• [Required work] Print each record that follows exactly, leaving the pictures behind.

• [The records]
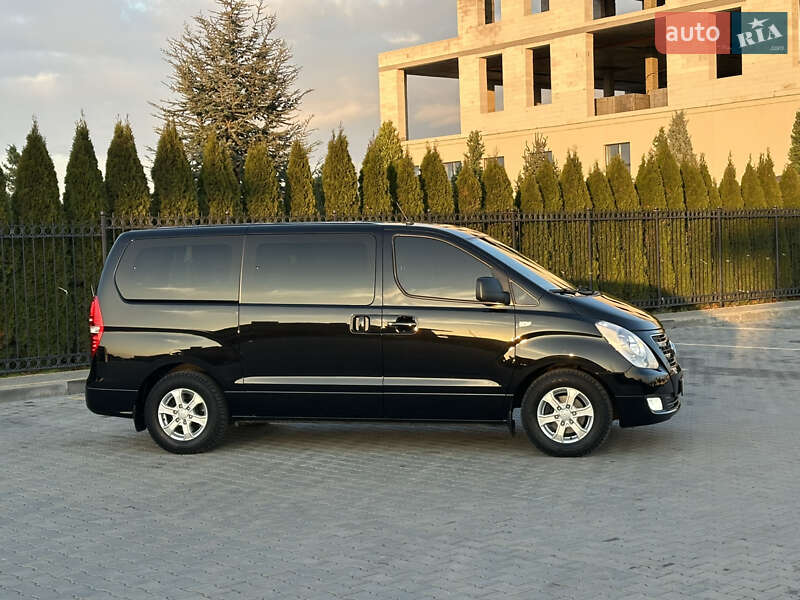 Минивэн Hyundai H-1 2012 в Одессе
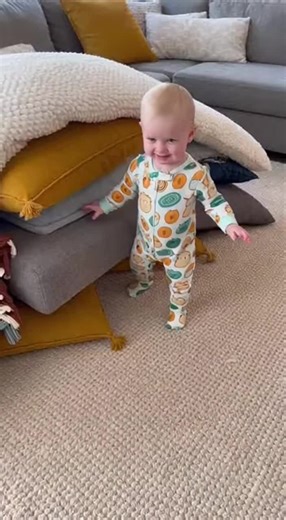 A wobbly baby sets up the most dramatic slow-motion fall into a giant pillow mountain while the parents gasp and film. Just when everyone thinks it’s over, the family dog decides to copy the stunt—with even more chaos and laughter.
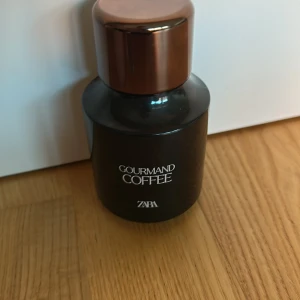 ZARA Gourmand Coffee Parfym - Modern parfym från ZARA med stilren design och namnet Gourmand Coffee. Perfekt för dig som vill sticka ut med något unikt och trendigt.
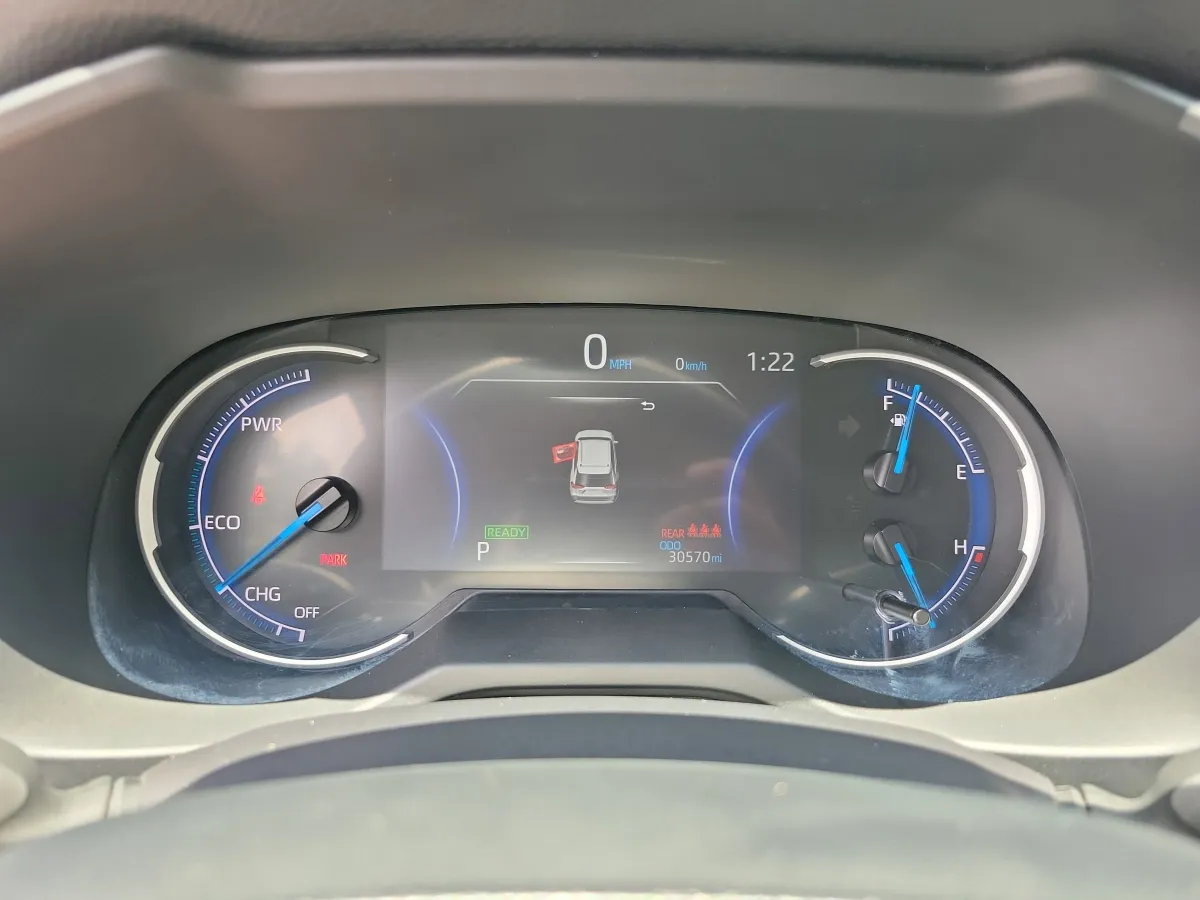 2025 Toyota RAV4 Hybrid LE thumbnail 15
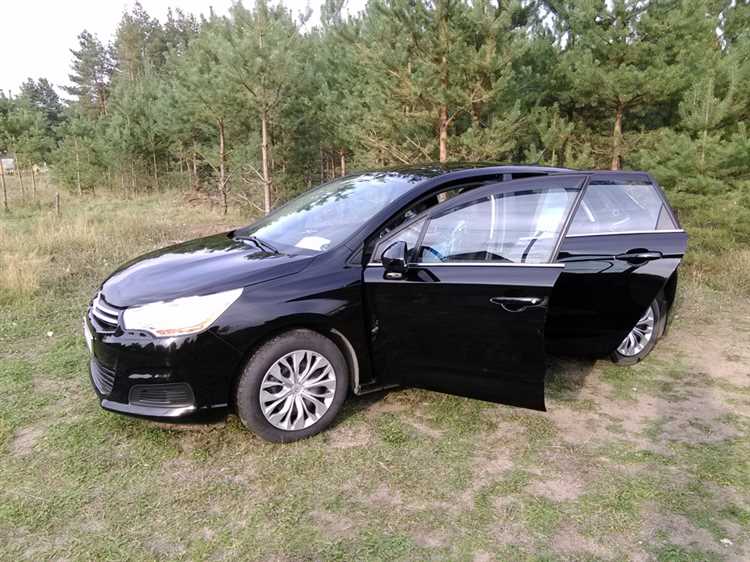Различия в размерах щеток для переднего и заднего стекла Citroen C4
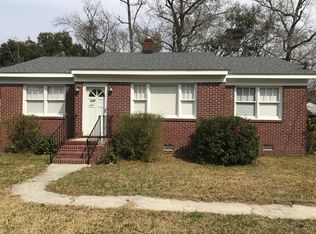 530 Canterbury Rd, Charleston, SC 29407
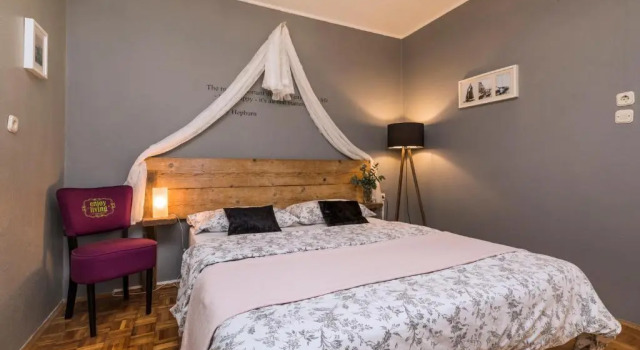 Апартаменты Alaburic rooms & apartment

• [Solved problem]
 Минивэн Hyundai H-1 2012 в Одессе
 A wobbly baby sets up the most dramatic slow-motion fall into a giant pillow mountain while the parents gasp and film. Just when everyone thinks it’s over, the family dog decides to copy the stunt—with even more chaos and laughter.
 ZARA Gourmand Coffee Parfym - Modern parfym från ZARA med stilren design och namnet Gourmand Coffee. Perfekt för dig som vill sticka ut med något unikt och trendigt.
 2025 Toyota RAV4 Hybrid LE thumbnail 15
Различия в размерах щеток для переднего и заднего стекла Citroen C4
 530 Canterbury Rd, Charleston, SC 29407
 Апартаменты Alaburic rooms & apartment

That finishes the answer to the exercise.